We split by season_index:

* Train: seasons 0–5

* Validation: season 6

* Test: season 7

In [None]:
train_df = df[df["season_index"] <= 5]
val_df   = df[df["season_index"] == 6]
test_df  = df[df["season_index"] == 7]

X_train = train_df[feature_cols]
y_train = train_df[target_col].map({"home_win":0, "draw":1, "away_win":2})

X_val = val_df[feature_cols]
y_val = val_df[target_col].map({"home_win":0, "draw":1, "away_win":2})

X_test = test_df[feature_cols]
y_test = test_df[target_col].map({"home_win":0, "draw":1, "away_win":2})

X_train.shape, X_val.shape, X_test.shape


This respects real-world prediction:
Training on old seasons, testing on future seasons.

In [None]:
from collections import Counter

majority_class = Counter(y_train).most_common(1)[0][0]
baseline_pred = np.full_like(y_test, majority_class)

acc = accuracy_score(y_test, baseline_pred)
f1  = f1_score(y_test, baseline_pred, average="macro")

print("Majority Baseline")
print("Accuracy:", acc)
print("Macro F1:", f1)


In [None]:
X_train.isna().sum().sort_values(ascending=False).head(15)

In [None]:
X_train.isna().mean().sort_values(ascending=False).head(10)


In [None]:
# 1) Impute missing values (fit on train, apply to val/test)
imputer = SimpleImputer(strategy="median")

X_train_imp = imputer.fit_transform(X_train)
X_val_imp   = imputer.transform(X_val)
X_test_imp  = imputer.transform(X_test)

# 2) Scale features (again: fit on train only)
scaler = StandardScaler()

X_train_scaled = scaler.fit_transform(X_train_imp)
X_val_scaled   = scaler.transform(X_val_imp)
X_test_scaled  = scaler.transform(X_test_imp)

# 3) Train Logistic Regression on clean, scaled data
logreg = LogisticRegression(max_iter=2000)
logreg.fit(X_train_scaled, y_train)

val_pred  = logreg.predict(X_val_scaled)
test_pred = logreg.predict(X_test_scaled)

print("LogReg Validation Macro-F1:",
      f1_score(y_val, val_pred, average="macro"))
print("LogReg Test Macro-F1:",
      f1_score(y_test, test_pred, average="macro"))


This is actually pretty decent for a 3-class football outcome task with:

* no betting odds

* only team attributes + form

* and a linear model (LogReg).

**interpret:**

Macro-F1 ~0.34 means:

* The model is better than random (random 3-class Macro-F1 would be ~0.22–0.25 usually).

* It is likely better than “always home_win” majority baseline, which in many soccer datasets gives Macro-F1 somewhere near 0.27–0.30 (because F1 for draw/away becomes almost zero).

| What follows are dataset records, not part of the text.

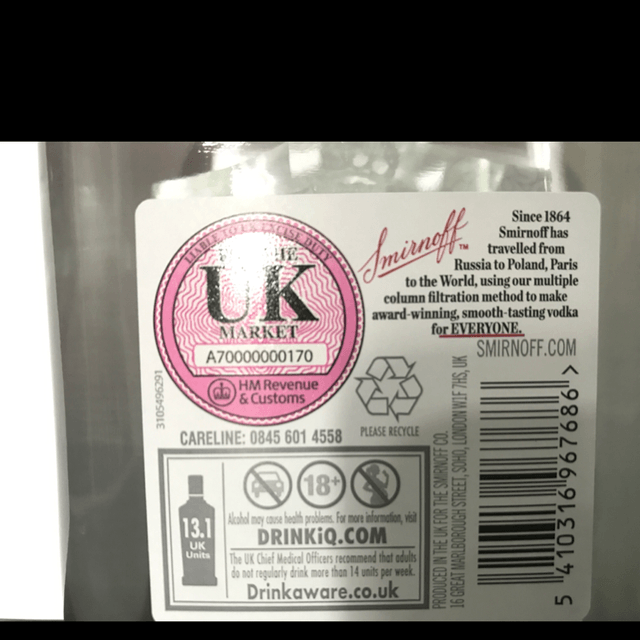 Smirnoff vodka 35cl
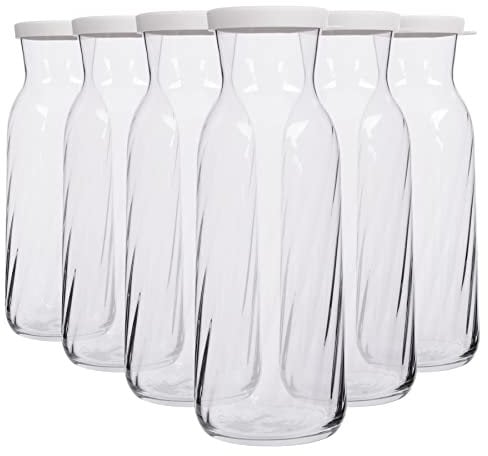 Lav Fonte Opticglas Carafes - 1,2 L - Weißer Deckel - 6. Packung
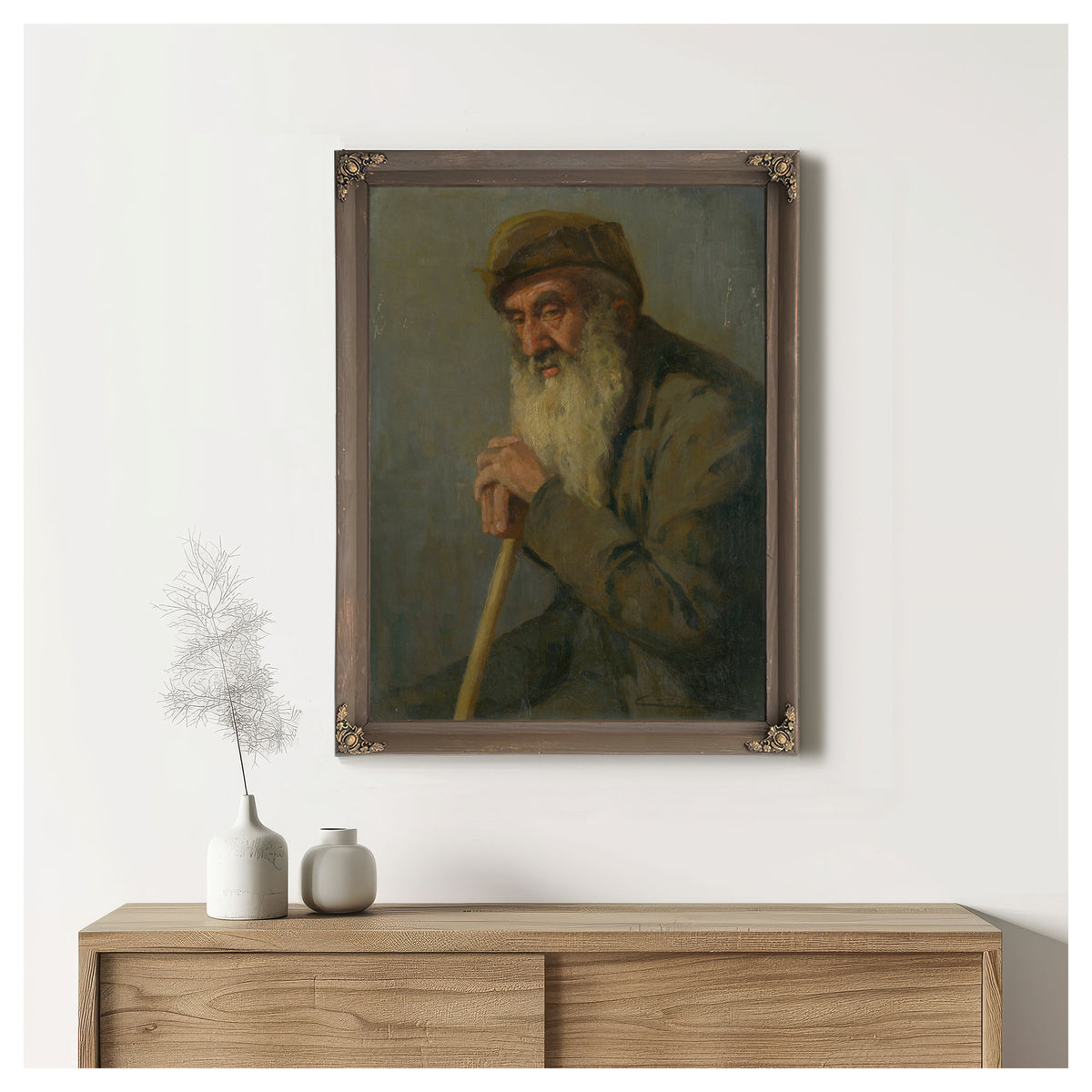 Study a Seated Old Man By Ludovit Cordak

* Validation and test F1 are almost identical → no severe overfitting, good sign.

In [None]:
rf = RandomForestClassifier(
    n_estimators=300,
    max_depth=20,
    random_state=42,
    class_weight="balanced"
)

rf.fit(X_train, y_train)

rf_val_pred = rf.predict(X_val)
rf_test_pred = rf.predict(X_test)

print("RF Validation Macro-F1:", f1_score(y_val, rf_val_pred, average="macro"))
print("RF Test Macro-F1:", f1_score(y_test, rf_test_pred, average="macro"))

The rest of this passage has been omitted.